Demographic and Anthropometric Characteristics of Study Population at 1-Year Follow-up
| Female (n=61) | Male (n=13) | |||
|---|---|---|---|---|
| Characteristic | Mean (sd) | Range | Mean (sd) | Range |
| Age (years) | 50.1 (12.7) | 22–80 | 58.3 (11.7) | 37–75 |
| Weight (lbs) | 188.6 (45.6) | 113–362 | 251.2 (88.2) | 175–497 |
| BMI (kg/m2) | 31.5 (7.0) | 20–54 | 36.0 (11.5) | 27.5–67.7 |
| Percentage body fat | 47.3 (6.4) | 34–61 | 37.4 (6.4) | 27–51 |
| Percentage trunk fat | 47.5 (7.0) | 28–61 | 42.4 (5.1) | 34–52 |
| Waist circumference (cm) | 97.6 (18.1) | 65–169 | 117.7 (21.7) | 97–100 |
| Carbohydrate DVS | 22.2 (6.0) | 12–33 | 25.8 (9.5) | 8–40 |
| Fat DVS | 12.5 (4.6) | 4–27 | 14.9 (5.8) | 6–24 |
| Protein DVS | 8.7 (2.9) | 2–17 | 10.1(2.8) | 5–15 |
| Energy density (kcal/g) | 1.65 (0.45) | 0.87–3.11 | 1.79 (0.39) | 1.21–2.47 |
Nutrient Intake and Diet Variety Scores
Using the new macronutrient diet variety method, we were able to quantify each participant's unique diet variety score for carbohydrates, protein, and fat, respectively (Table 2).
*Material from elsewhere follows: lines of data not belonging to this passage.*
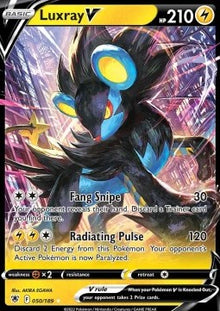 Luxray V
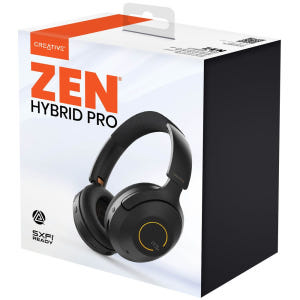 Creative ZEN HYBRID PRO LC3+ 개봉기 | 실사용 후기 - 상품 이미지 3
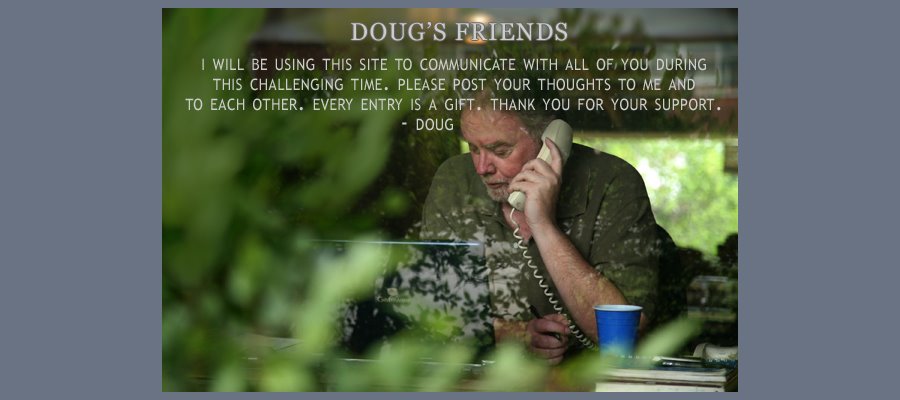 Doug Wright Blog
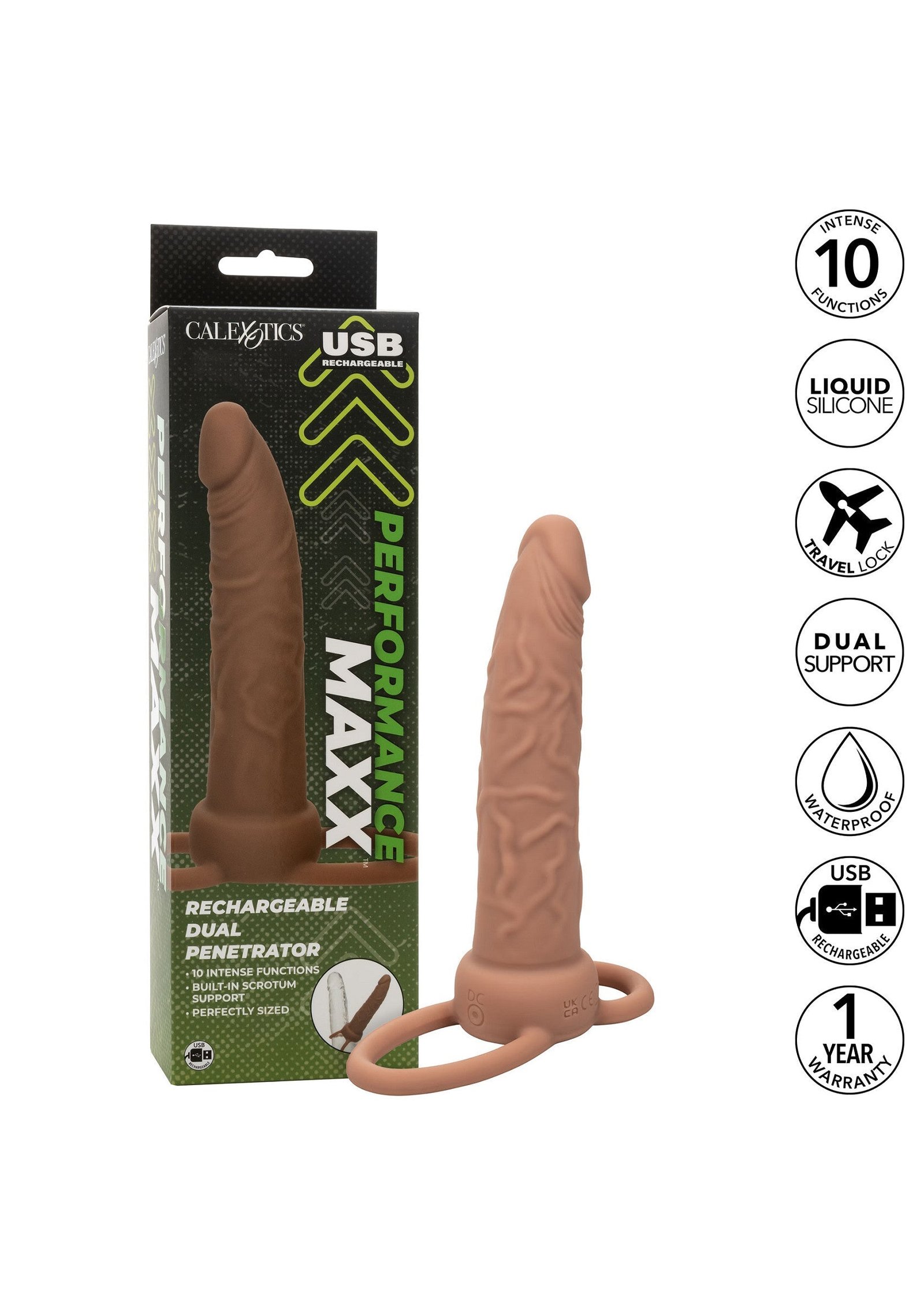 Rechargeable Dual Penetrator 3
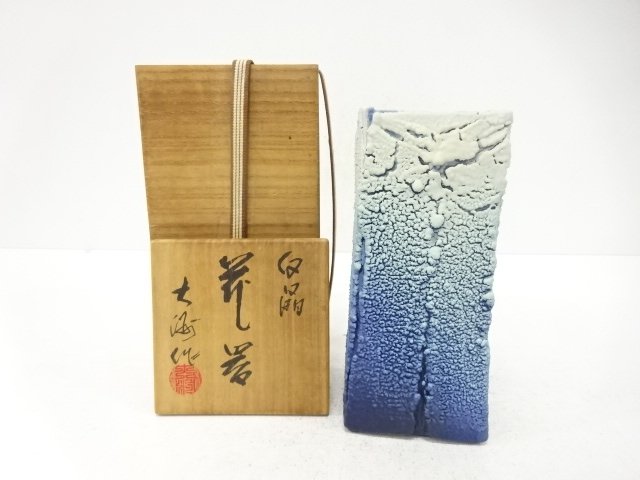 SALE!! JAPANESE COLLECTIBLE / KOBAYASHI TAISHU-ZOU VASE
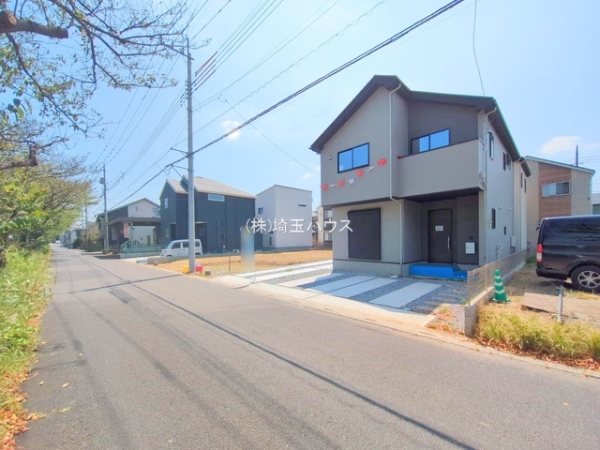 越谷市花田４丁目の新築一戸建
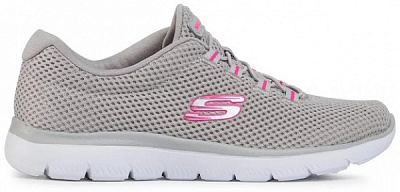 Кроссовки Skechers 12985 GYHP р.US 6,5 серый
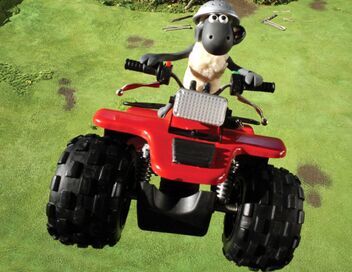 Shaun le mouton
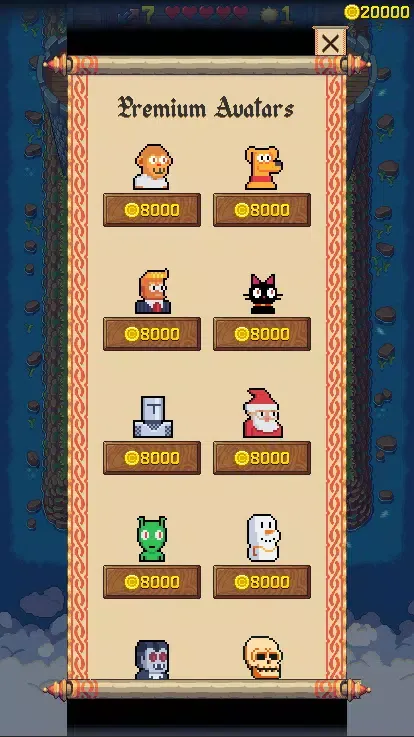 Capturas de tela do Tower Swap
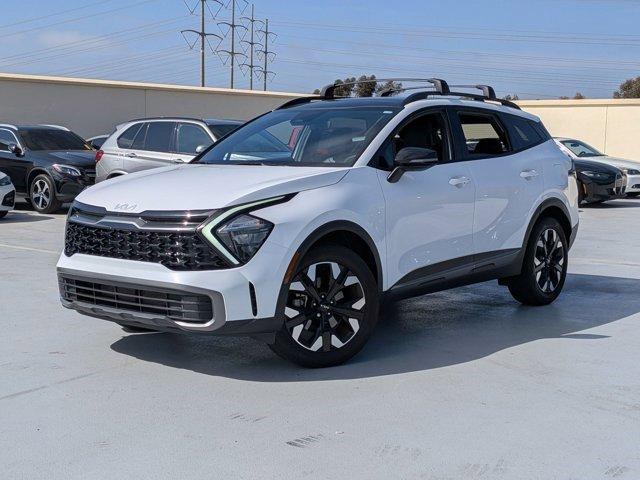 used 2023 Kia Sportage car, priced at $25,999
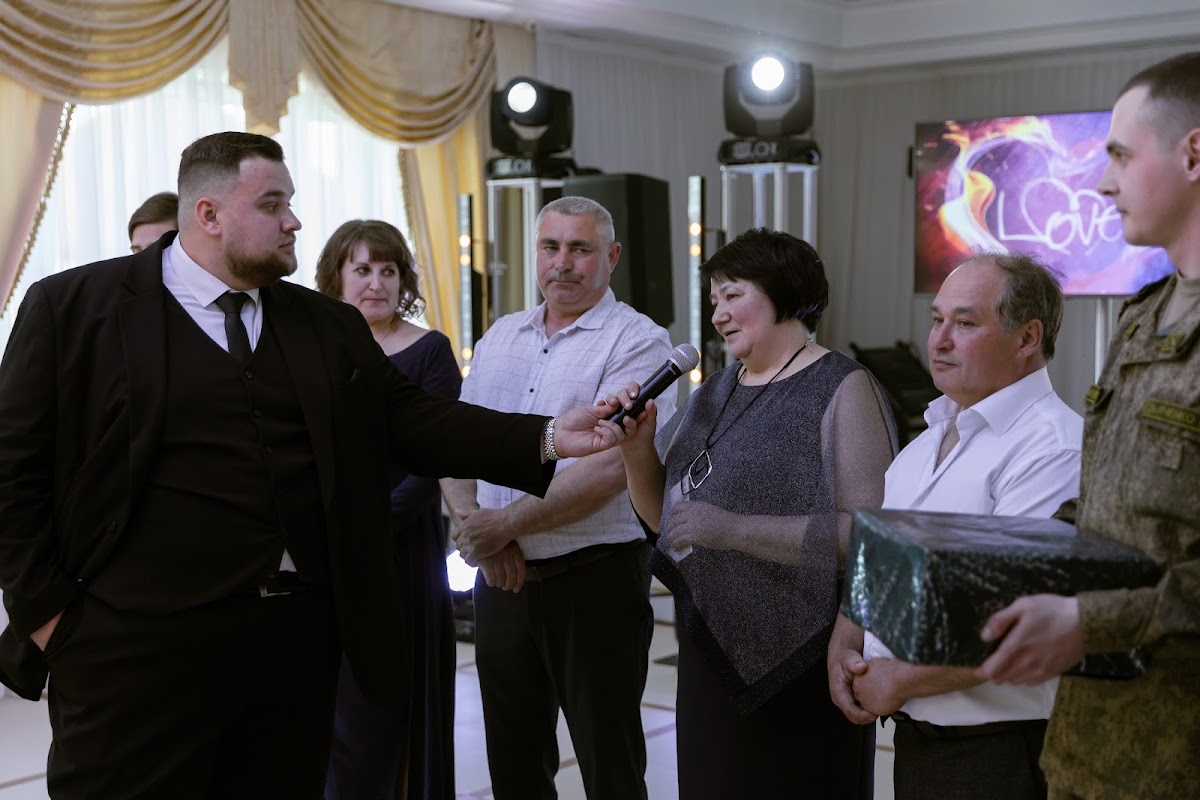 Диана и Вадим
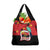 Happy Angola Grocery Bag 50 Years of Independence - Wonder Print Shop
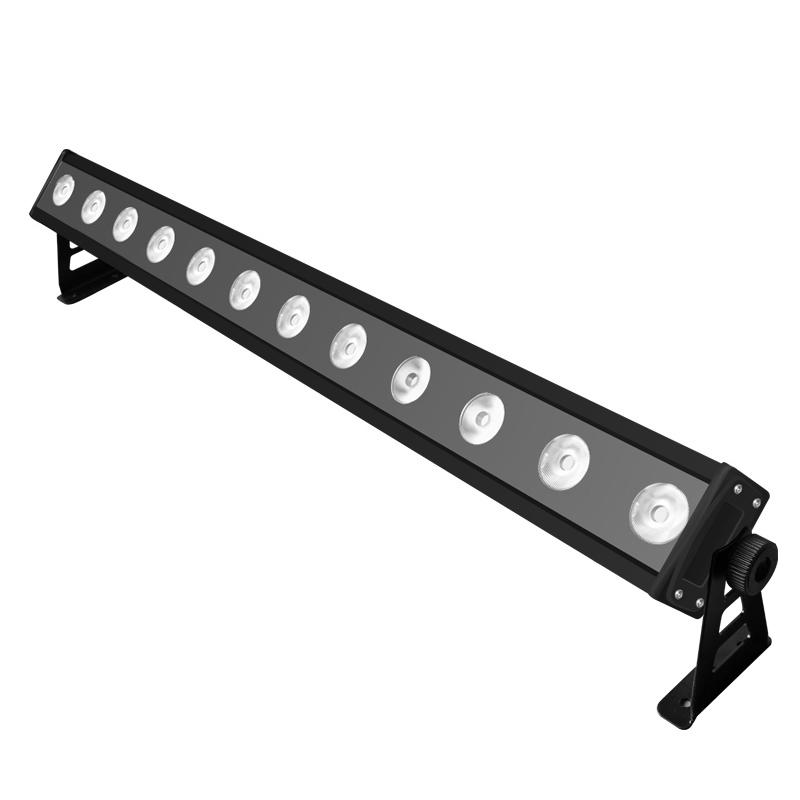 Effect Light_IP WASH BAR I 12*15W RGBWA+UV 6in1 LED Outdoor waterproof IP65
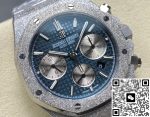 Replica Audemars Piguet Royal Oak 26331BC.GG.1224BC.02 OM Factory White gold case - Image 3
In general, the dietary intake for the sample could be described as moderate in fat with more than 35% of calories from fat, and less than 50% of calories from carbohydrates. The DVS for each macronutrient was positively associated with total energy intake (Carbohydrate DVS, r = .64; Protein DVS, r = .72; Fat DVS, r = .72; P < .001 for all correlations). As shown in Figure 1, there was a strong unadjusted correlation between each macronutrient DVS and total energy intake, with DVS explaining 40% to 50% of the variation in energy intake.
Figure 1.

Correlations between macronutrient DVS and total energy intake.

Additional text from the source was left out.